For developers, provide file-level and module-level detail. Which specific files have zero test coverage? Which functions contain the inconsistent error handling? Where exactly are the dead code blocks? Developers need actionable specifics so they can create tickets and write fixes.

For engineering managers, provide category-level summaries. What percentage of modules have adequate test coverage? How many dependencies have known vulnerabilities? How many distinct error handling patterns exist? Managers need to allocate sprint capacity and prioritise across competing concerns.

For CTOs and executives, provide risk exposure and trend data. What is the overall security posture? What is the estimated cost of accumulated debt? How does the current state compare to the last assessment? Executives need to make investment decisions and communicate risk to the board.
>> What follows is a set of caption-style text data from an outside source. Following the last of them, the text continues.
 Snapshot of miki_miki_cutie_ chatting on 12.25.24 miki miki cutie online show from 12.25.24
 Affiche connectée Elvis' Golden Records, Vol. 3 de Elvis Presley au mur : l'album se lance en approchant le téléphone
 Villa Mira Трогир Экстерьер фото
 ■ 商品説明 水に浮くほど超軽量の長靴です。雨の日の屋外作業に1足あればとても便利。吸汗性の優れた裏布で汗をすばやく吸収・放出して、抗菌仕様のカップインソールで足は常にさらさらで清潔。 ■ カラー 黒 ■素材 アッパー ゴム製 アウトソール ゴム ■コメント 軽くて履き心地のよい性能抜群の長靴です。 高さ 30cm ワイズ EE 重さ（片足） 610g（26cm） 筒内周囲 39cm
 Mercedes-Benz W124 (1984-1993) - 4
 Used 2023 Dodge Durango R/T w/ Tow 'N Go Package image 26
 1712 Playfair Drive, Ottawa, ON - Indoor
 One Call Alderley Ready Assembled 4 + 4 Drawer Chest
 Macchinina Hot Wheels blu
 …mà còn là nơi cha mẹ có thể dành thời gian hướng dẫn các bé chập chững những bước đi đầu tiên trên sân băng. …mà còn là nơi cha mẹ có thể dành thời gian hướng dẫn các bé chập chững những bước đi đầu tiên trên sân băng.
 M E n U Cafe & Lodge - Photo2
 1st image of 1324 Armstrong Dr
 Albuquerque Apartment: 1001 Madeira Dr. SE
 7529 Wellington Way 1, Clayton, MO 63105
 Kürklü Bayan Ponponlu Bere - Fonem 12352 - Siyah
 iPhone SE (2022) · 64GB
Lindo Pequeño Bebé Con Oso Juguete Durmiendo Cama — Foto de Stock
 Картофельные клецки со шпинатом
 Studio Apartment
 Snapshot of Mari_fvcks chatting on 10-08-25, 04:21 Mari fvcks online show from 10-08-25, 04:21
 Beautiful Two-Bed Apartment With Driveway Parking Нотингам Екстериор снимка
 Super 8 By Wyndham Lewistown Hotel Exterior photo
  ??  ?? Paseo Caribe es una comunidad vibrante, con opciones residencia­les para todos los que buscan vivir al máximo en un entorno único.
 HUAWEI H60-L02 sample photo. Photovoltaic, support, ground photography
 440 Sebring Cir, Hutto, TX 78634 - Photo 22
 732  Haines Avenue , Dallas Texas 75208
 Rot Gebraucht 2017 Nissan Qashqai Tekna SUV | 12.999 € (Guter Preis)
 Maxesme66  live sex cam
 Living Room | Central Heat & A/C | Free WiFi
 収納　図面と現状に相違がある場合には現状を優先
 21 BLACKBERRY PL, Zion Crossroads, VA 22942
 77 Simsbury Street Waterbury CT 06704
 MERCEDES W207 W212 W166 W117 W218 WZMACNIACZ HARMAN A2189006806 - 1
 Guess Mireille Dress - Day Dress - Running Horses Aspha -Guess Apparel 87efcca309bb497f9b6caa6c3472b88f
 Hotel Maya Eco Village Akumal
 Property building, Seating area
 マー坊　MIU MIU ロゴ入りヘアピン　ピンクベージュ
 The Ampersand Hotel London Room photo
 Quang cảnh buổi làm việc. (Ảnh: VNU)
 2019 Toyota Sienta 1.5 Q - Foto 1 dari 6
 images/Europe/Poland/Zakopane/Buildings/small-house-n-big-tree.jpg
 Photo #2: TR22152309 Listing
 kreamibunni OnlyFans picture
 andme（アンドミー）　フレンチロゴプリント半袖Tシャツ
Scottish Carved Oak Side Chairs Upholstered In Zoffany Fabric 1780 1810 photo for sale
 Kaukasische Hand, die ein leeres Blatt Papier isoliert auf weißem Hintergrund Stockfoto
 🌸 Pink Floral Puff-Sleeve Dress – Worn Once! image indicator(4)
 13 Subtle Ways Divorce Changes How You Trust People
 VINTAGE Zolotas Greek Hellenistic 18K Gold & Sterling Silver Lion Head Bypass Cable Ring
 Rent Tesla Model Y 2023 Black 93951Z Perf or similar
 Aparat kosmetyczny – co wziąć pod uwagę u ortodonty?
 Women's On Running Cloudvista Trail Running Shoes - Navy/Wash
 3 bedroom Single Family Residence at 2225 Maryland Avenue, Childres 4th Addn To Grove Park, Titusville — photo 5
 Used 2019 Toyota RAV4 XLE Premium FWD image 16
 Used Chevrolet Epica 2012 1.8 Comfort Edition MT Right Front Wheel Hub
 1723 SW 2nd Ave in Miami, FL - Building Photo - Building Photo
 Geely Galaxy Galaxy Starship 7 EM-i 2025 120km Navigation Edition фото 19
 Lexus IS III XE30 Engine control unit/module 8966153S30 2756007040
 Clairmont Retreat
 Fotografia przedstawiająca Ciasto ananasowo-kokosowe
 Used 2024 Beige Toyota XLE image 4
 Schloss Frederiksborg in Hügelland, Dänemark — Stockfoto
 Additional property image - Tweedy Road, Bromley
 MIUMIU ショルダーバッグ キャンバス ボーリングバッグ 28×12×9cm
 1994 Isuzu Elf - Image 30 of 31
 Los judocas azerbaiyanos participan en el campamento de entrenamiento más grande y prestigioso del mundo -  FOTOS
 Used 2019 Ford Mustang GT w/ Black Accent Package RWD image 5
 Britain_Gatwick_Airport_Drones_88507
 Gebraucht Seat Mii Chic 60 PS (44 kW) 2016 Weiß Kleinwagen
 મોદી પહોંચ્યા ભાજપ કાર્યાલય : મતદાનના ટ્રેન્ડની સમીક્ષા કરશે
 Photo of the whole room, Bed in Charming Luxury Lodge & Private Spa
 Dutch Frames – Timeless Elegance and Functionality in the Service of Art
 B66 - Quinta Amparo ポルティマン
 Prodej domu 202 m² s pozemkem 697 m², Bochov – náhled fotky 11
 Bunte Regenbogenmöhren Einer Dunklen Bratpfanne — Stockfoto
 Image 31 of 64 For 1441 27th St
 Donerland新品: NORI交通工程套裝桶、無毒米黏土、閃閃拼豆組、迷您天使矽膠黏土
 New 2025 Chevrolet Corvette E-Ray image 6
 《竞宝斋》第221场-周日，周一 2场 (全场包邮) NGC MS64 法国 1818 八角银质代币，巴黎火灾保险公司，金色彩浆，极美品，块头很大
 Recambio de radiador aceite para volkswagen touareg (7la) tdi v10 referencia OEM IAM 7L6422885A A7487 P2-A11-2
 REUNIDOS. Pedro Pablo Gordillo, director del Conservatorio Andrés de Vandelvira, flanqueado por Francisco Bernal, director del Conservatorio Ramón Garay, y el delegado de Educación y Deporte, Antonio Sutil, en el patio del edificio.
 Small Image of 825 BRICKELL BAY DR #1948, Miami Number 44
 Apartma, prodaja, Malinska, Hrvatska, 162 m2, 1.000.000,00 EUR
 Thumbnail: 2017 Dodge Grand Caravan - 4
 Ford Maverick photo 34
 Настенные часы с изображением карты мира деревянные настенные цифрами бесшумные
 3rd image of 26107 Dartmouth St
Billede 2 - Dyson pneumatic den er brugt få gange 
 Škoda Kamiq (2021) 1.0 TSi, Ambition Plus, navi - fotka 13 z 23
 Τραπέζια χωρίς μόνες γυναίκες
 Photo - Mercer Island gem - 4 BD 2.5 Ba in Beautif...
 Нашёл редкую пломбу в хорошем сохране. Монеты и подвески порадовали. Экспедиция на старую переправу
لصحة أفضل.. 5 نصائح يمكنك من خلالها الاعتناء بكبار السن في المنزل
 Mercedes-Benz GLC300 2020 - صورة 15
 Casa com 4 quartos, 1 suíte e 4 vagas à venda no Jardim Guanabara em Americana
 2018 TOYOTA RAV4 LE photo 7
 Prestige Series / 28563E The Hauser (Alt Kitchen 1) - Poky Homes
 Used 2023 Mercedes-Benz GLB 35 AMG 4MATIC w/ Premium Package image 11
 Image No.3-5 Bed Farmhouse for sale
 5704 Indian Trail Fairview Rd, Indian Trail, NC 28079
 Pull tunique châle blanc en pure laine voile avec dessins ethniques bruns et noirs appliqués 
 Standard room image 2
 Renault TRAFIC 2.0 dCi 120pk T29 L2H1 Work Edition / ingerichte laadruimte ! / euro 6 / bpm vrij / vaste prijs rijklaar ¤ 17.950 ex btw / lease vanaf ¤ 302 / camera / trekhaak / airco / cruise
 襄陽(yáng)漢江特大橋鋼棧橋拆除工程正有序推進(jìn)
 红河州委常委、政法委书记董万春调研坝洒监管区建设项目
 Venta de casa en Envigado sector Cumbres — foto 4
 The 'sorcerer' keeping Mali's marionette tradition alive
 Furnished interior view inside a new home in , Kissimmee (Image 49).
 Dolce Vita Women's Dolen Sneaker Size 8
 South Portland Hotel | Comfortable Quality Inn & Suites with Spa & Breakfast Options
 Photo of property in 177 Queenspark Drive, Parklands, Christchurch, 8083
The same underlying data serves all three audiences. The difference is the level of aggregation and the framing: specifics for developers, summaries for managers, narratives for executives.


Automating the health check

Running a codebase health check manually is valuable but expensive. It takes days of senior developer time, and the results start going stale the moment the check is complete.

The better approach is to automate the baseline and reserve human judgement for interpretation. Automated tools can measure dependency age, test coverage, dead code ratios, and security pattern consistency. Humans provide the context that turns measurements into decisions: which findings matter most given the team's roadmap, which risks are acceptable given the product stage, and which improvements will yield the highest return.

VibeRails automates the health check process by scanning your entire codebase using AI analysis and producing structured reports at all three levels – developer detail, manager summaries, and executive risk narratives. Because VibeRails runs locally using your own AI subscription, your code doesn't go through VibeRails servers – requests go directly to your AI provider. And because it analyses the full codebase rather than individual PRs, it catches the systemic issues that incremental review misses.

A codebase health check is not a one-time event. It is a recurring practice. Run it quarterly, track the trends, and use the results to guide where your team invests its limited time. The first health check tells you where you stand. The second one tells you whether you are getting better or worse.


Limits and tradeoffs

  • It can miss context. Treat findings as prompts for investigation, not verdicts.
  • False positives happen. Plan a quick triage pass before you schedule work.
  • Privacy depends on your model setup. If you use a cloud model, relevant code is sent to that provider; local models can keep inference on your own hardware.